[DATA TO USE Boundary: Start]

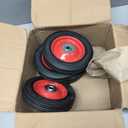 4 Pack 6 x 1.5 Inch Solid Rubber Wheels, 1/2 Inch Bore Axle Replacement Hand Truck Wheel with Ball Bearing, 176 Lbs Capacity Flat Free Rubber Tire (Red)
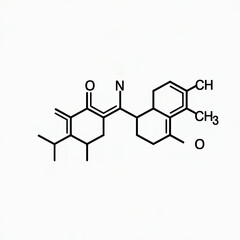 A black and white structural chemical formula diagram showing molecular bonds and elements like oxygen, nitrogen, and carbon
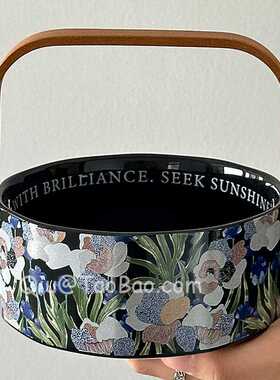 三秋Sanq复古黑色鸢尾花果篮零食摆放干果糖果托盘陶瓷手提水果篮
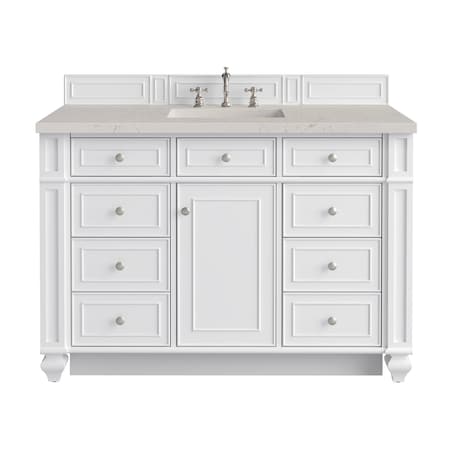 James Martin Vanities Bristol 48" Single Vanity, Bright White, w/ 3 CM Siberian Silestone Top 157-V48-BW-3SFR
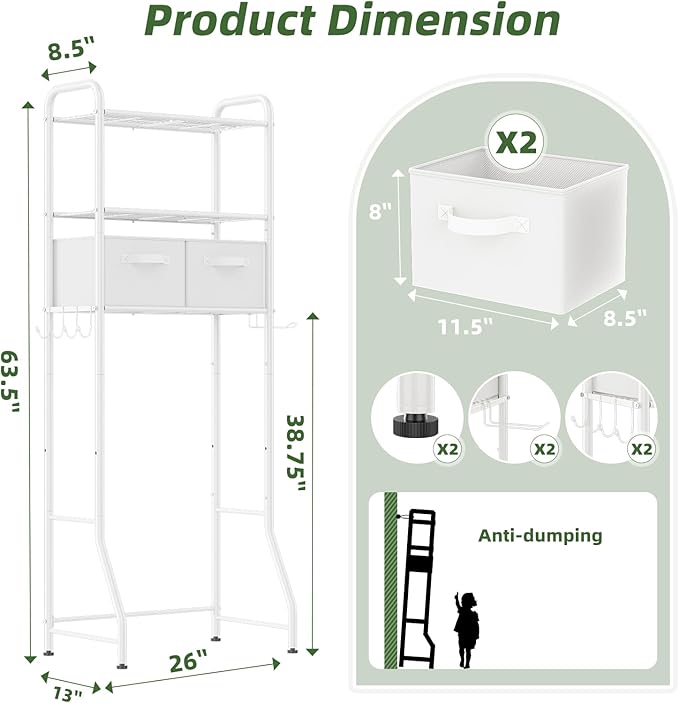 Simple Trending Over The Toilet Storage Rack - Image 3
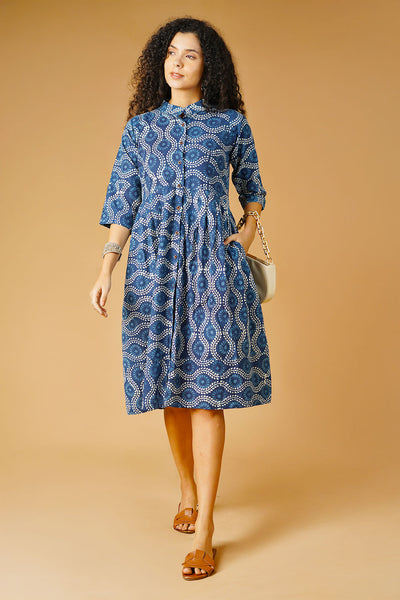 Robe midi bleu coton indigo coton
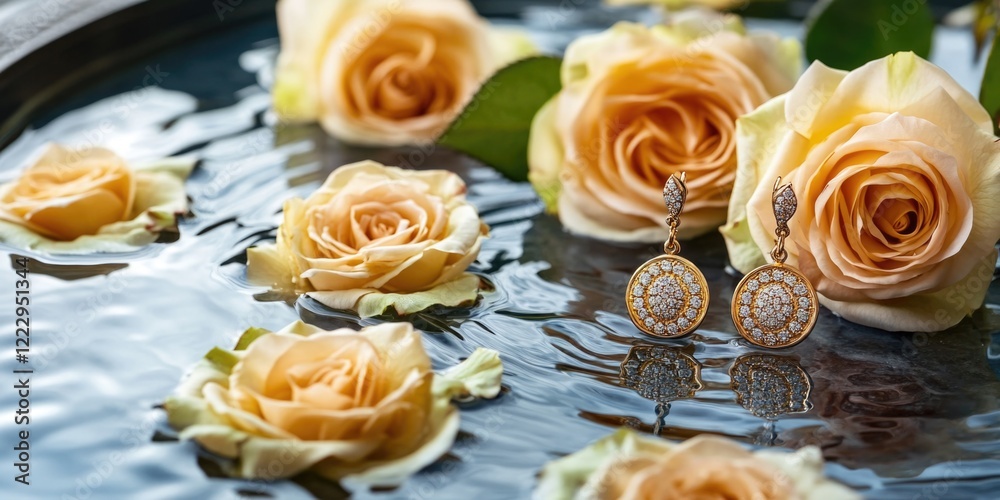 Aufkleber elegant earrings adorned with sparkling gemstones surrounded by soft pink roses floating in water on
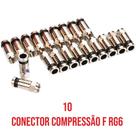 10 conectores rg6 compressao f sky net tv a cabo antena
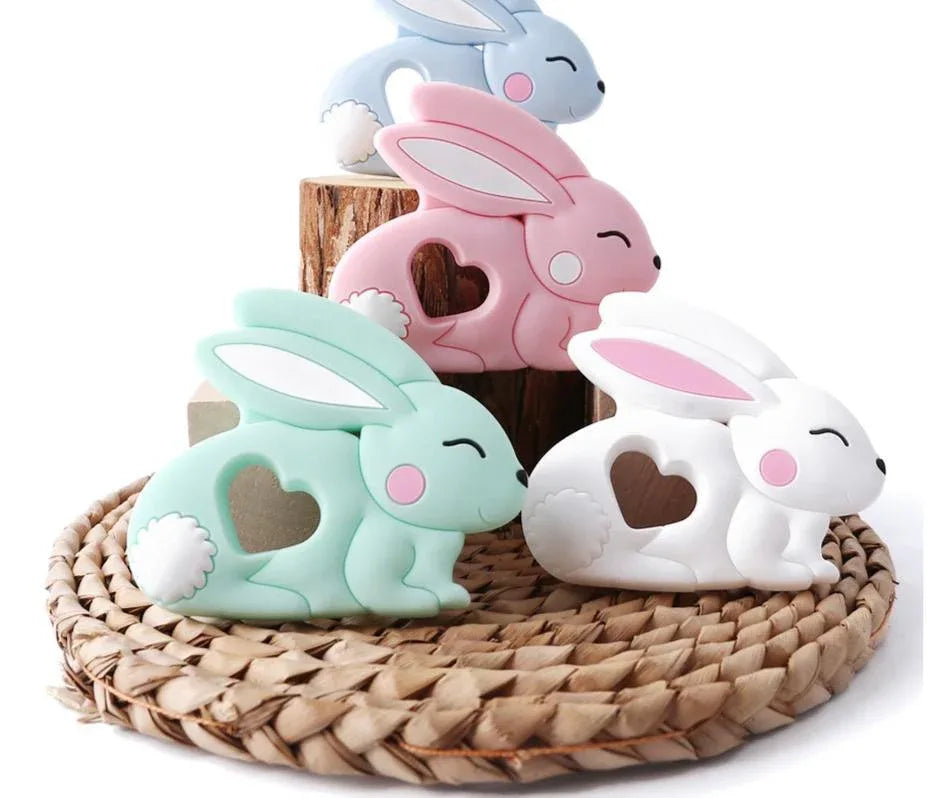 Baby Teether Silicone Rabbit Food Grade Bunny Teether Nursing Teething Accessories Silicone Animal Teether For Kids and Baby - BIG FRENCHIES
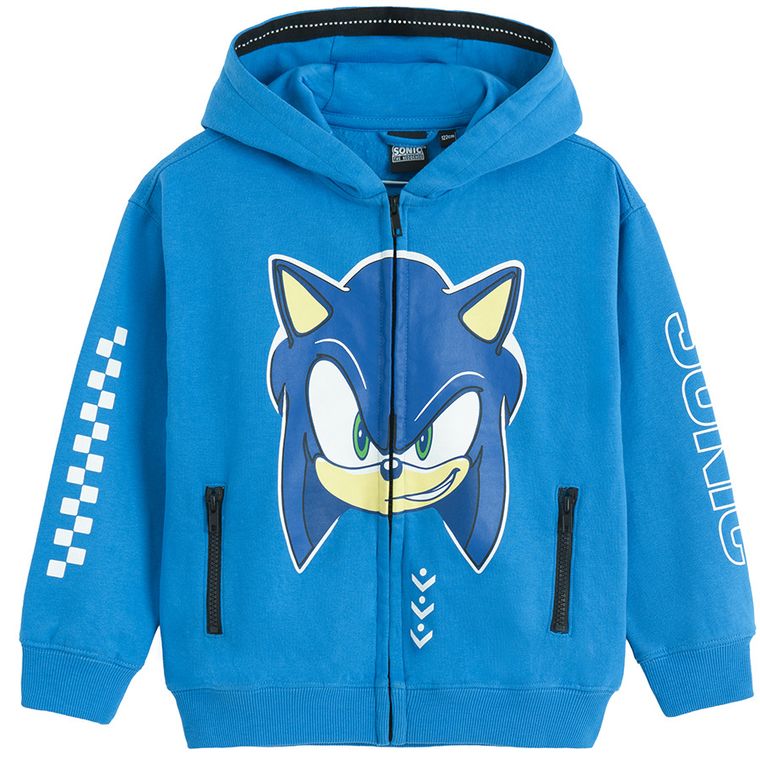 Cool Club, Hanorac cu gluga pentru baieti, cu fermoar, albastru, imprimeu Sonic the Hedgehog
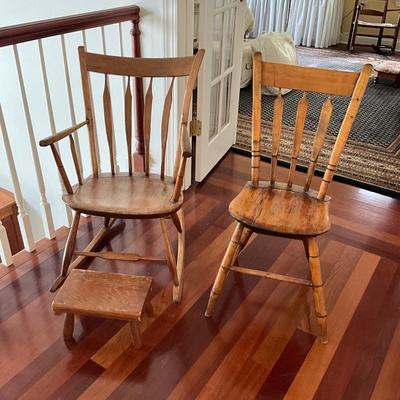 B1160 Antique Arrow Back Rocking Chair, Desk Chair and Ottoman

[DATA TO USE Boundary: End]

### [TASK REQUIREMENTS]
Skip every picture and return the lines above from the top through the one that contains "Simple Trending Over".

### [RESULT]
 4 Pack 6 x 1.5 Inch Solid Rubber Wheels, 1/2 Inch Bore Axle Replacement Hand Truck Wheel with Ball Bearing, 176 Lbs Capacity Flat Free Rubber Tire (Red)
 A black and white structural chemical formula diagram showing molecular bonds and elements like oxygen, nitrogen, and carbon
 三秋Sanq复古黑色鸢尾花果篮零食摆放干果糖果托盘陶瓷手提水果篮
 James Martin Vanities Bristol 48" Single Vanity, Bright White, w/ 3 CM Siberian Silestone Top 157-V48-BW-3SFR
 Simple Trending Over The Toilet Storage Rack - Image 3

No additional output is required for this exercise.